The count of lines below that include the string "with" is the whole answer; write it alone.
Top of THE DATA
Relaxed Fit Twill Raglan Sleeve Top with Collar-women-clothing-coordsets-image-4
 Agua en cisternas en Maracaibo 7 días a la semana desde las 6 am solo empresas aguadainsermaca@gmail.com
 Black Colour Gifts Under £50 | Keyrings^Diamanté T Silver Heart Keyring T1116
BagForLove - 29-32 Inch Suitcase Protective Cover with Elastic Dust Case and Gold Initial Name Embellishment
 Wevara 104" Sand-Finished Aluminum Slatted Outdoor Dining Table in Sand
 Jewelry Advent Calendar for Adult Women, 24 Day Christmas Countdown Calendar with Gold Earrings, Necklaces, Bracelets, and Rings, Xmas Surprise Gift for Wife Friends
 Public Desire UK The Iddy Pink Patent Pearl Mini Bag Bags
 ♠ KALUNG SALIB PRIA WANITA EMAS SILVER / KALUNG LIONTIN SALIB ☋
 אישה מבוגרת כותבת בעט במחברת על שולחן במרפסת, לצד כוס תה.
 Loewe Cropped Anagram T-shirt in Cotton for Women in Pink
Bottom of THE DATA
### WRITTEN SOLUTION
3